Prostate cancer is generally the second leading cause of cancer-related mortality in males of Western countries (1,2). Androgen ablation therapy is an effective treatment for hormone-dependent prostate cancer; however, a subset of patients ultimately develops hormone refractory disease (35). Therefore, it is necessary to identify and characterize important regulators of aggressive prostate cancer. Cellular heterogeneity is a common histopathological feature in prostate cancer, and cancer cells undertake progressive morphologic and behavioral changes during disease progression and metastasis. Many aggressive prostate cancers recapitulate normal developmental processes, such as epithelial-to-mesenchymal transition (EMT), to enhance cell migration and invasion. The conversion of an epithelial cell into a mesenchymal cell requires alterations in morphology, cellular architecture, invasion and migration (69).
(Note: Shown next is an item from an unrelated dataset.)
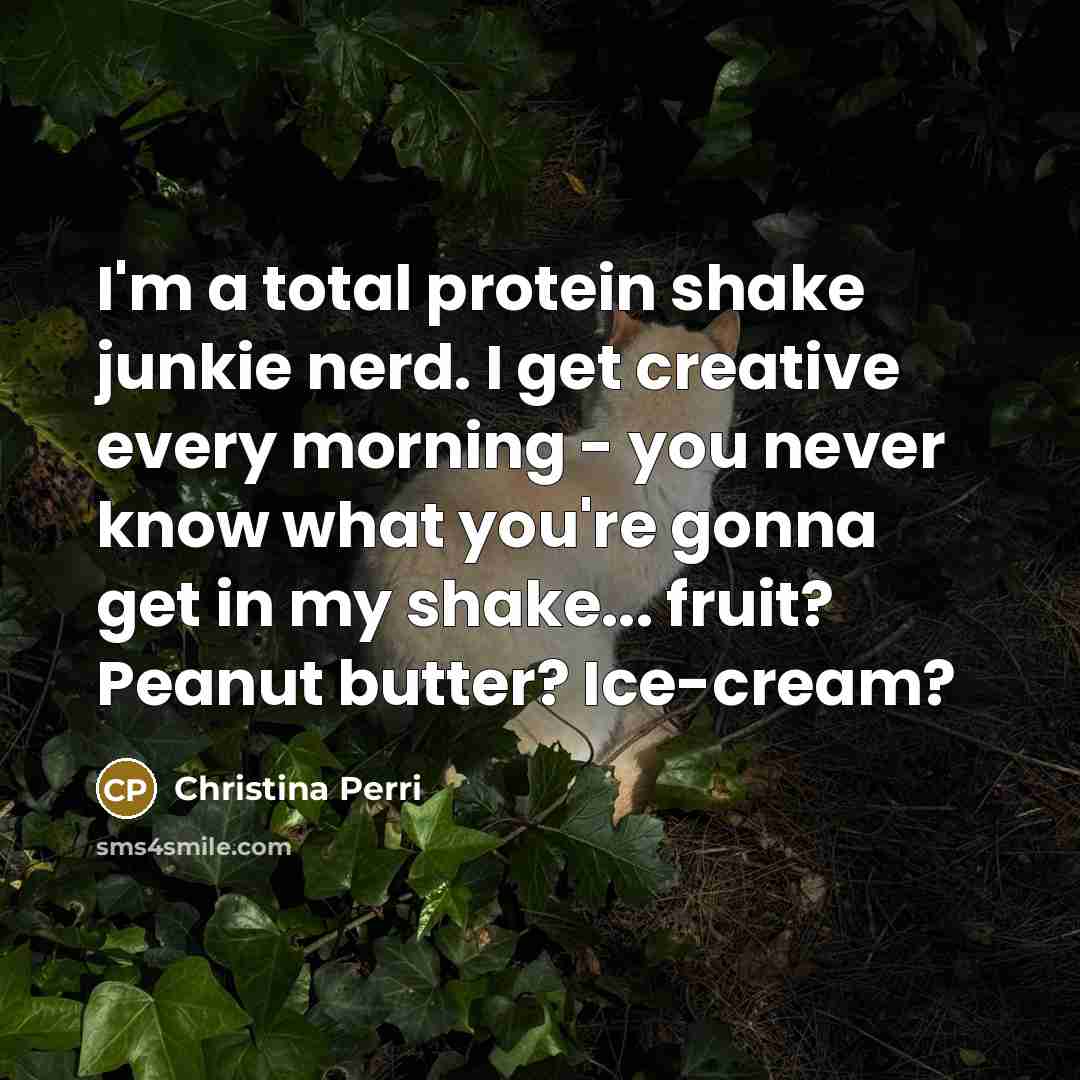 “I'm a total protein shake junkie nerd. I get creative…” quote by Christina Perri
The prostate cancer ARCaP cell is a well recognized cell model for investigation of the molecular mechanisms of EMT in prostate cancer (10). ARCaP cells consist of two subtype cell lines, including ARCaPE and ARCaPM. The parental ARCaPE cells were isolated from the ascites fluid of a patient with bone metastasis and display typical epithelial cell morphology and have only limited tumorigenic potential. However, ARCaPE cells have a high propensity for rapid and predictable bone and soft tissue growth and metastases through orthotopic, intracardiac and intraosseous injections in athymic mice, and can undergo EMT to become ARCaPM cells, which exhibit mesenchymal cell morphology and lose original epithelial cell markers but gain various mesenchymal cell markers (11,12).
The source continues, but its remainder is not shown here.